Introduction
Inventory management is at the heart of the supply chain optimization in fashion retail stores. Not having enough products in stock leaves the customers unhappy while having too many leads to higher expenses and unsold items. Determining the sold-out date of a stores’ articles allows an efficient use of its inventory. However, the fashion sector is known for its short product cycles which make classical dynamic pricing strategies inefficient. Consequently, automatic learners have been recently developed and used to estimate this key sold-out date value.
Inventory Costs in Numbers
Inventory costs may seem fixed and determined by the price you pay for the products. However, they also represent the inventory financing charges and the opportunity losses due to a bad management. In 2015, Target Canada Co closed all of its 133 stores after a disastrous loss of $5.4 billion in inventory management. Even if this may be an exception, according to Brian Sutter the director of marketing at Wasp Barcode Technologies, the inventory-carrying costs can rise as high as 40% of the company’s average inventory investments. He insists on the availability of many possibilities to reduce these costs.
One of the many solutions for the fashion retail sector is an accurate prediction of the sold-out date. This avoids overstocked and out of stocks stores resulting in a lower opportunity loss and less inventory-related costs.
Dataset
To tackle this problem, we use the historical sales from October 1, 2017, to January 31, 2018, of 12’824 sporting products from an online retailer in Germany. All these items have been sold-out in February.
Note that using the same approach we could do the same with the data from the last 4 months and predict the sales of the products in the month to come.
In the following table, we present the original features of the data used:
Name | Description |
pid | Product number |
size | Size |
color | Color |
brand | Brand |
rrp | Recommended retail price |
mainCategory | Main category of the item |
category | Category of the item |
subCategory | Subcategory of the item |
stock | Initial stock in February 1, 2018 |
releaseDate | The release date of the item |
A product is uniquely identified with its pid and size. Moreover, we have access to the historical price of each product since their release data and the historical volume of each product per day.

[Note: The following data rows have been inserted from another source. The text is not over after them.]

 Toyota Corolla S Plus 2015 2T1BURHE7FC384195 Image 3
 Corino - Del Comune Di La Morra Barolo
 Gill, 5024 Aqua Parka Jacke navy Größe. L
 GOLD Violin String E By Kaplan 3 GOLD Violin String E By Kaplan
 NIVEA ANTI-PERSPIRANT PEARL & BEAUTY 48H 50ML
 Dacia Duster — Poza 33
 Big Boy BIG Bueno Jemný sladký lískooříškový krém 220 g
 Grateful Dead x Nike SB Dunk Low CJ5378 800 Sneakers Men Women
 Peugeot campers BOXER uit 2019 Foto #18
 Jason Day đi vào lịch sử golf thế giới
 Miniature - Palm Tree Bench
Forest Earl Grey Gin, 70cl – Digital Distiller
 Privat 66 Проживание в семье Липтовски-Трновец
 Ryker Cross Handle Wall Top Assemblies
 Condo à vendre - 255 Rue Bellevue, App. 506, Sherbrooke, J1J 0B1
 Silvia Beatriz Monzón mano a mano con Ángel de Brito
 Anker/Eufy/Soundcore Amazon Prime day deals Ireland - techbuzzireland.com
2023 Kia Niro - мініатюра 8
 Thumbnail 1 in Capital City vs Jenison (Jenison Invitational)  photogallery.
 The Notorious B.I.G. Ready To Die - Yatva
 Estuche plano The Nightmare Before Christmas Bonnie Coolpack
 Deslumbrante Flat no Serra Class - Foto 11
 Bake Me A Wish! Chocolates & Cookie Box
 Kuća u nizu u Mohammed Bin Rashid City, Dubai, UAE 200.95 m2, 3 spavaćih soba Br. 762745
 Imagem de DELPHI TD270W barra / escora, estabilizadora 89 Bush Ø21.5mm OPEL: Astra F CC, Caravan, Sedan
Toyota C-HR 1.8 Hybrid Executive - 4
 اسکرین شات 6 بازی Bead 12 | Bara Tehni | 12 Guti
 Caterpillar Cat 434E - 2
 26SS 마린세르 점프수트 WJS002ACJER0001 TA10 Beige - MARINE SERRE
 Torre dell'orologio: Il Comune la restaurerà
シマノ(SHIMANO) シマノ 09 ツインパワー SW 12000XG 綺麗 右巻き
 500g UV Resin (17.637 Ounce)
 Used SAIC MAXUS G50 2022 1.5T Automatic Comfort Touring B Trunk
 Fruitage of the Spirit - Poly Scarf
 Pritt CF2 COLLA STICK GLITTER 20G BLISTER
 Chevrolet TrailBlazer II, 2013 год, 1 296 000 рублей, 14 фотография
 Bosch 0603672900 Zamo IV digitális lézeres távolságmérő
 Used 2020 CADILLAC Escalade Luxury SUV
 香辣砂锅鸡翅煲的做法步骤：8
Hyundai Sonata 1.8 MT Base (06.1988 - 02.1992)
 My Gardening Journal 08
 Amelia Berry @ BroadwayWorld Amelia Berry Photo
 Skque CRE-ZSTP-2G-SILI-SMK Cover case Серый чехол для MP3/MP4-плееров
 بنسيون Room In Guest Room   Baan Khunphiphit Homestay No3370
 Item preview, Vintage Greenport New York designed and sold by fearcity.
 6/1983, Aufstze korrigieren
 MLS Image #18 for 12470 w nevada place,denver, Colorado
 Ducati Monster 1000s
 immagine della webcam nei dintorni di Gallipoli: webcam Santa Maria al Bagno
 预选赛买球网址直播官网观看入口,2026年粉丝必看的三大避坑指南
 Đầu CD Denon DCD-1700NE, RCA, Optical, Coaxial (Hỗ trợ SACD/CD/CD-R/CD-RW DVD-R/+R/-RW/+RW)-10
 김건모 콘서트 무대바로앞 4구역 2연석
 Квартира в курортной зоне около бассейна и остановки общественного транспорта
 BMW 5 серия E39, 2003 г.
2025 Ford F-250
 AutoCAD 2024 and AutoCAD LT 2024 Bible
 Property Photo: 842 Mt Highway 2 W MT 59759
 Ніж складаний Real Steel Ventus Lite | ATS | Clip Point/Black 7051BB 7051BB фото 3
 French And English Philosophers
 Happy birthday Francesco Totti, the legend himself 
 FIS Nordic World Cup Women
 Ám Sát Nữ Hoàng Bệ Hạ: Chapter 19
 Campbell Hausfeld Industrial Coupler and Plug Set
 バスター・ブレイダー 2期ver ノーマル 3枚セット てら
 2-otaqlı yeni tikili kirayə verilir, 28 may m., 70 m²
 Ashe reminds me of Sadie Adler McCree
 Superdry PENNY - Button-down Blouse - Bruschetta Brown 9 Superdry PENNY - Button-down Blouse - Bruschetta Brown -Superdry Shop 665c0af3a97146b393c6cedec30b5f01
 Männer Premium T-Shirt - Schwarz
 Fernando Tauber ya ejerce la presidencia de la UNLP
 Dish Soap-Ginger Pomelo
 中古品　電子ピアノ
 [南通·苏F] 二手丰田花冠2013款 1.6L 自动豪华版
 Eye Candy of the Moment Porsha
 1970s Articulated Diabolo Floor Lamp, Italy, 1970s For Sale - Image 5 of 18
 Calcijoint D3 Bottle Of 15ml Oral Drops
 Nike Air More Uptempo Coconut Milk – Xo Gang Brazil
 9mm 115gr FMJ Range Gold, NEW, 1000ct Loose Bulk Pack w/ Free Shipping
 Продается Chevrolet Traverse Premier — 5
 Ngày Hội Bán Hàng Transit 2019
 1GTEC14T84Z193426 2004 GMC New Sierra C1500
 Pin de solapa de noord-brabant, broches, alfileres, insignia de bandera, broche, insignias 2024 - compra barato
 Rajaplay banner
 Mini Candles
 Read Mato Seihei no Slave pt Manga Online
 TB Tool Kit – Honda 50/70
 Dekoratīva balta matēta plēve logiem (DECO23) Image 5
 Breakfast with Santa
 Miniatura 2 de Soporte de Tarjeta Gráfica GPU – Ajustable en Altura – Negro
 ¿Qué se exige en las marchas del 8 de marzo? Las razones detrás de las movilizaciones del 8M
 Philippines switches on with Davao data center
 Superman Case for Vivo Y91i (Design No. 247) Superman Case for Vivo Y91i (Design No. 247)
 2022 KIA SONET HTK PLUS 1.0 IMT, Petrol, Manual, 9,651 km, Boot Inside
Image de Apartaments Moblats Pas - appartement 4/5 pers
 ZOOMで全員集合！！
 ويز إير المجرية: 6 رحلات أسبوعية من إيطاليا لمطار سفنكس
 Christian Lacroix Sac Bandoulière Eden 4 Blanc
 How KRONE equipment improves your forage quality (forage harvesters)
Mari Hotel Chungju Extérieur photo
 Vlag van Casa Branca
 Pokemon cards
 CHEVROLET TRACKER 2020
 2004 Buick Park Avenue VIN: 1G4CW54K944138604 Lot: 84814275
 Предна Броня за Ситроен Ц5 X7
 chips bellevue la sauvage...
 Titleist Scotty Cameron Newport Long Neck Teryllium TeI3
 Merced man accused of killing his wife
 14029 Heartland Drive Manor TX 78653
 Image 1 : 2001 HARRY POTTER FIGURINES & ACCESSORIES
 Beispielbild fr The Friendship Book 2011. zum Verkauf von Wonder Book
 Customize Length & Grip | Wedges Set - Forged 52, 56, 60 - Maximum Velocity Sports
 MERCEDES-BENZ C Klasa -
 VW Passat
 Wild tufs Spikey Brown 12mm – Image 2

As the number of features is low and uninformative, we need to obtain more explanatory variables through a feature engineering procedure.
Feature engineering
First, as our datasets are split, we decide to merge them by having the tuplet (pid, size, day) as the unique index for each observation in our merged data. We thus obtain more than a million rows.
Thanks to our knowledge of the retailer’s information, we can also extract more information such as the dates of heavy advertisement campaigns for specific products. Moreover, we added discrete features in order to take into account other factors such as the weather or holidays.
Lastly, we computed a measure of popularity for the existing features such as size, color, and brand based on the sales in the training set. These variables are called likelihood features and should be handled with care to avoid overfitting. Indeed, these variables can induce a bias that could make the model too specific to this dataset and reduce its performance on new data.
The following table summarizes some of our findings.
New feature | Description |
Price_RRP | Price over RRP (Recommended Retail Price) |
Price_RRP_2 | Square of price over RRP |
Release_incentive | A decaying variable giving a weight for new products |
Weekday | Categorical variable, 1 if it is a weekday |
Ferie | Score variable for the holidays in Germany |
Consumer_price_index | Consumer price index in the fashion sector |
Popularity_brand | Popularity of a brand based on the historical sales |
Weather | Score variable for the weather conditions in Germany |
Pre_christmas | Indicator variable for the pre-christmas period |
Bundes_Liga | Decaying variable giving a weight to the day around a bundesliga game |
At the end of our preprocessing procedure, we have 67 features at our disposal to train our model.
Models
As a first step, we will present the innovative modeling scheme we have used. First, we randomly split our training set into 3 folds to obtain 3 train folds (each containing 2 thirds of our data) and 3 test folds (each containing the last third of the data). We train 3 different regressors on each train fold and validate them using the associated test fold. Consequently, we obtain an unbiased estimate of the true test error.
This enables us to perform a grid search and evaluate our regressors with different hyperparameters and find the optimal ones. Then, we add the predicted values for each method in our training set to form what is called the regression columns. As the last step, using the same split, we train our data using the best regressor of the first part and we estimate the test error with test fold error. We tried multiple regressors to find the most suitable one.
First, we trained an extreme learning machine (ELM) invented by Guan-Bin Huang. It is an extremely fast single-Layer feedforward neural network. As its name states, it contains only one layer of neurons and assigns Gaussian random weights from the features to the input layer. After the grid search, we have selected 1’000 neurons with a sigmoid activation function and another 1’000 for the Gaussian radial basis function.
Second, we used xgboost invented by Tianqi Chen which relies on the Gradient Boosting technique. The max depth of the trees is 12, the subsample ratio of the selected feature is 0.8, the step size shrinkage used to avoid overfitting is 0.04 and the number of boosted trees to be estimated is 1’500. Due to these hyperparameters, the method is very slow. However, it holds the best results on the test folds.
Lastly, We regressed our data using the Random Forests algorithm. As it is the slowest algorithm, we used the default hyperparameters of the scikit-learn library.
Finally, as our training set contains historical sales per day for each item, we will predict the daily sales and accumulate them until we reach the limit of the initial stock (the sold-out day). Consequently, all our test error estimation is based on the sales rather than sold-out date.
Results
Applying this modelling scheme to our augmented data (with the engineered features), we train our regressors and we record the average Mean Squared Error in the sales from the test folds. It is the mean squared difference between the real sales and the predicted ones per item and day. The results are summarized in the graph.
We see that the MSE is extremely low for a sale forecast and that our methods are performing well. We also note the high improvement of 28% in MSE by adding cleverly engineered features.
Conclusion
We managed to build a modelling scheme that enables us to accurately predict the sales of more than 12’000 products during a month and by extension their approximate sold-out date. Indeed, the best model allows predicting on average with an error of 0.7 the number of sales for a given article and date.
With this model, a fashion retail company can more precisely manage its inventory and thus maximize its profit by saving millions of dollars.